To be clear, we do not think it is a realistic goal to eliminate downside – at least not without eliminating the potential for upside as well! Rather we are trying to make periods of volatility more endurable for our clients – so they remain invested and get to reap the compounding benefits of being invested over the long run.

So, how have we done? Our model client portfolios are down 0.5% – 1.3 % month to date, in an environment where pretty much every asset class is in the red for the month, some deeply.

After a very strong July the investment team actively positioned the growth portfolios with lower equity exposure coming into this latest bout of volatility. As the market has declined, and our downside managers have responded positively, it has provided a nice backstop to enable us to lift equity exposure and participate in the spring back that occurred late in the month.

Our absolute return managers who predominantly use a long /short equity approach – Suvretta and TT – are down around half the market which is about what we would expect in a very sharp selloff.

Our absolute managers with a broader investing approach tracked really well during August. Odey, after having a tough start to 2015, came into their own, up around 7% for the month. ISAM is also up strongly, around 6.5% for the month. Both of these managers fulfilled exactly the role we appointed them for.

In most of our inflation and growth portfolios we also hold a position with a downside manager called Universa. Universa is what is known as a tail risk manager. They use option strategies to construct a portfolio which will pay off when markets decline deeply (typically by more than 10%) and when volatility spikes.

While we are still waiting for final valuations we estimate Universa was up 160% in August. This means that a portfolio with a 1% allocation to Universa will have seen that investment more than double in value over the month and make a net 1.6% positive contribution to the portfolio return.

While commodities have been a drag on performance year to date, the remarkable month end rally in oil (up 25% in the last three days) means that our commodity exposure will end the month up, providing another positive offset to the decline in equity markets.

So while the downward move has been sharp, markets needed a blow out after an extended uptrend with little volatility to speak of.
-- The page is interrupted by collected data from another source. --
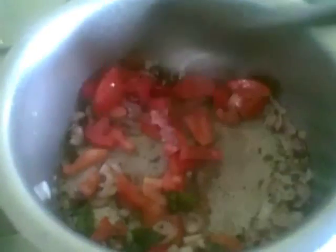The tomatoes are done now. I'll add the ginger and green chilli paste and the dry spice powders, and just sauté for a minute.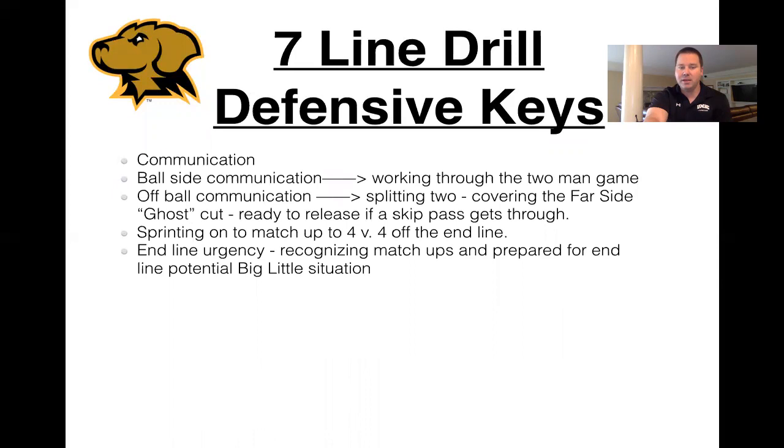Defensively, you certainly want to be communicating. You're not in a situation of advantage in that 4v3 to start, but being at that disadvantage helps you — if you can defend with three, you'll certainly be in a better position to defend at four. It helps that ball-side communication and communicating through that two-man game. On the offside, covering that cut and then bouncing back out to some of those skips. And then sprinting in and matching up, just like a substitution game. When we get to that 4v4, sprinting in, trying to get the best matchup, and being prepared for big-little situations off the end line.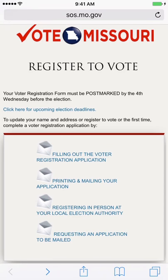My name is Frank Jacobs, Business Manager of the Electrical Workers Local One in St. Louis.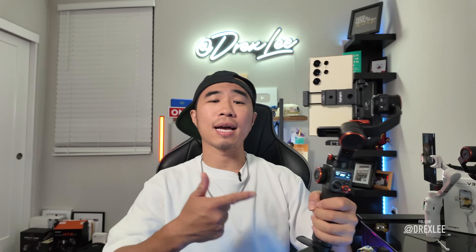Last, I got the iSteady MT2. This camera gimbal could actually fit a whole camera on there — a DSLR, a Blackmagic, all those big cameras. But I'm a cell phone shooter, primarily, so I wanted to test out how I can put my phone on here and how it will perform. I think I'm gonna do a running shot chasing after a car — kind of see how it goes.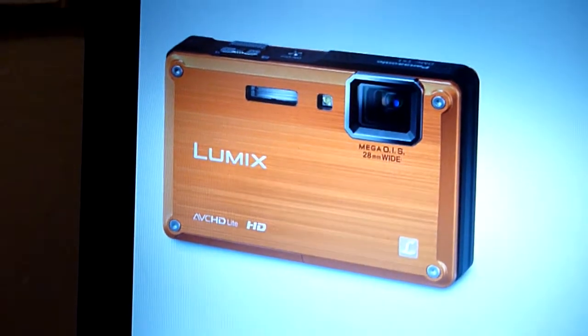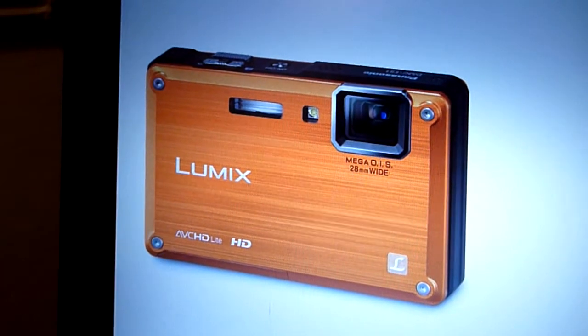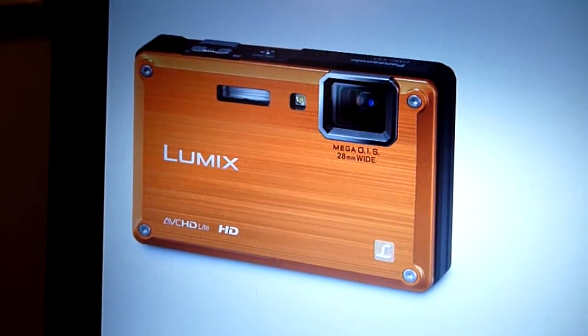I've been a little bit slack on uploading videos, but we've just got some new equipment here. Picked up one of these awesome cameras. I went down to the store today — it comes in a nice box. It's the TS-1 by Panasonic.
Our portfolio construction has enabled clients to navigate that period with very modest losses, enabled us to build further confidence in our team of external managers and provided an opportunity to reset the portfolios for the next leg.

Most importantly, despite dramatic headlines, which can unsettle clients, the performance of your portfolio has hopefully made the period reasonably comfortable for you.

Our regular review meetings ensure that each client’s portfolio is suitably balanced between cash, income, inflation and growth assets, relative to their age, risk profile, income requirements and goals. We will happily meet with you and revisit your portfolio balance if you are concerned about its suitability. After all, this is why you pay an advice fee.